Data for the task Start Marker
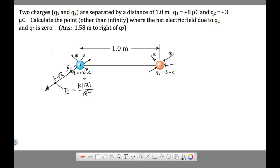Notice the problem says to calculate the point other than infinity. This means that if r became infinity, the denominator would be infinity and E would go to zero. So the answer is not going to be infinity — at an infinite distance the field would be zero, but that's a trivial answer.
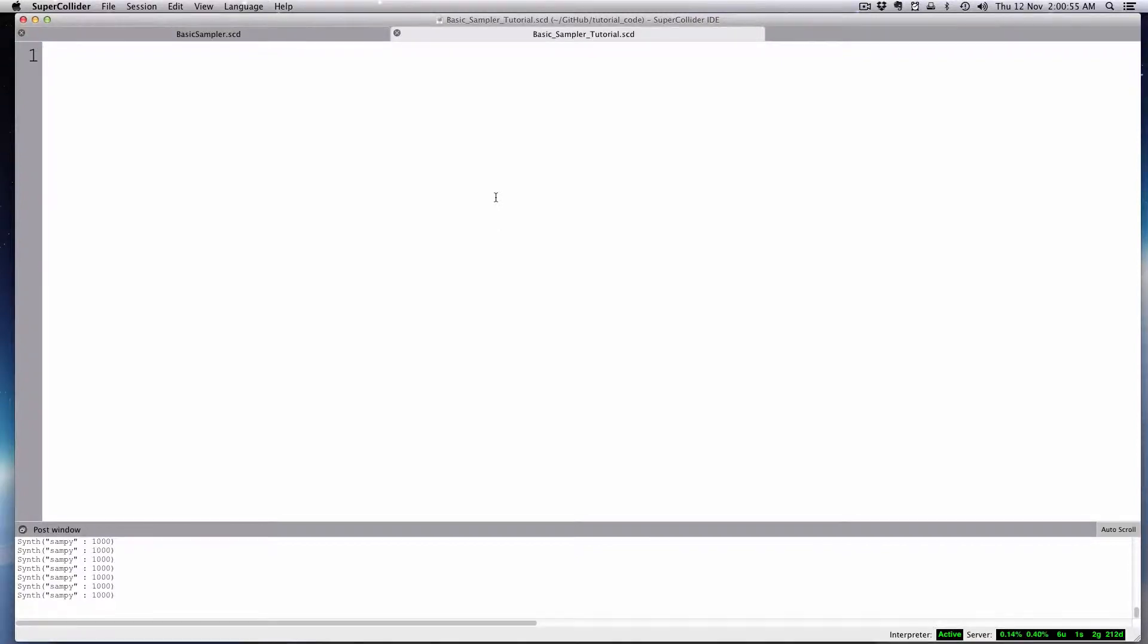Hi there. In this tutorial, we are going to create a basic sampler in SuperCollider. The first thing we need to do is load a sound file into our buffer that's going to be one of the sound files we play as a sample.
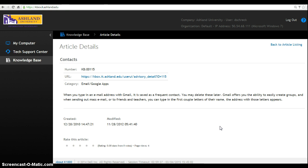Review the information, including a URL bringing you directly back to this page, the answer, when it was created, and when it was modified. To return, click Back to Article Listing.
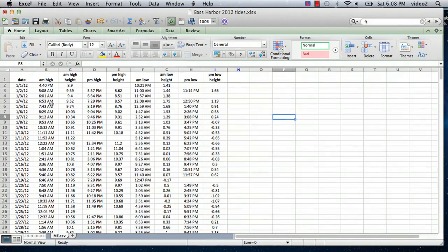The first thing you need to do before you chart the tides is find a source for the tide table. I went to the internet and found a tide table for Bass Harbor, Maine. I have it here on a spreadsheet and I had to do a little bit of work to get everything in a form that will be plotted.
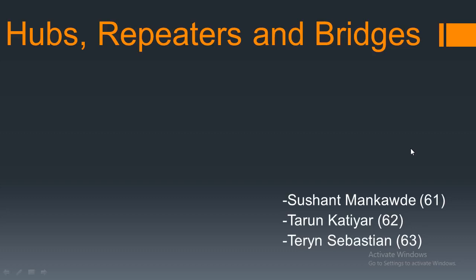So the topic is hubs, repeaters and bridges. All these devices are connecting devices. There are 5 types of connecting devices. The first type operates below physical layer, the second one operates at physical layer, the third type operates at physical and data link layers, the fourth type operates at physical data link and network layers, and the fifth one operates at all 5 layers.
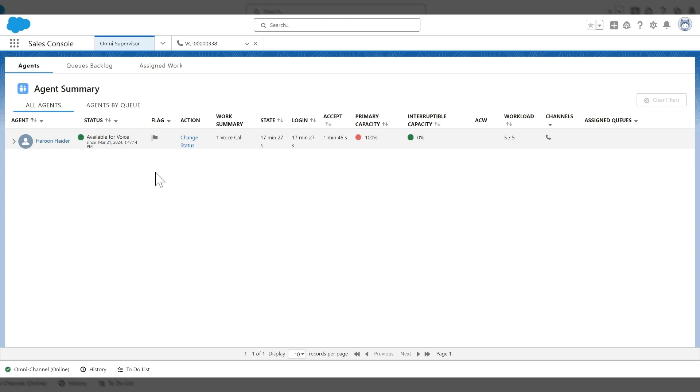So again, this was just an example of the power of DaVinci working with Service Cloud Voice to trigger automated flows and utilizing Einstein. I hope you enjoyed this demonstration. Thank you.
Data for the task End Marker
> [Problem statement]: Exact output of each line above is wanted, without the pictures.

> [Reply]:
Notice the problem says to calculate the point other than infinity. This means that if r became infinity, the denominator would be infinity and E would go to zero. So the answer is not going to be infinity — at an infinite distance the field would be zero, but that's a trivial answer.
Hi there. In this tutorial, we are going to create a basic sampler in SuperCollider. The first thing we need to do is load a sound file into our buffer that's going to be one of the sound files we play as a sample.
Review the information, including a URL bringing you directly back to this page, the answer, when it was created, and when it was modified. To return, click Back to Article Listing.
The first thing you need to do before you chart the tides is find a source for the tide table. I went to the internet and found a tide table for Bass Harbor, Maine. I have it here on a spreadsheet and I had to do a little bit of work to get everything in a form that will be plotted.
So the topic is hubs, repeaters and bridges. All these devices are connecting devices. There are 5 types of connecting devices. The first type operates below physical layer, the second one operates at physical layer, the third type operates at physical and data link layers, the fourth type operates at physical data link and network layers, and the fifth one operates at all 5 layers.
So again, this was just an example of the power of DaVinci working with Service Cloud Voice to trigger automated flows and utilizing Einstein. I hope you enjoyed this demonstration. Thank you.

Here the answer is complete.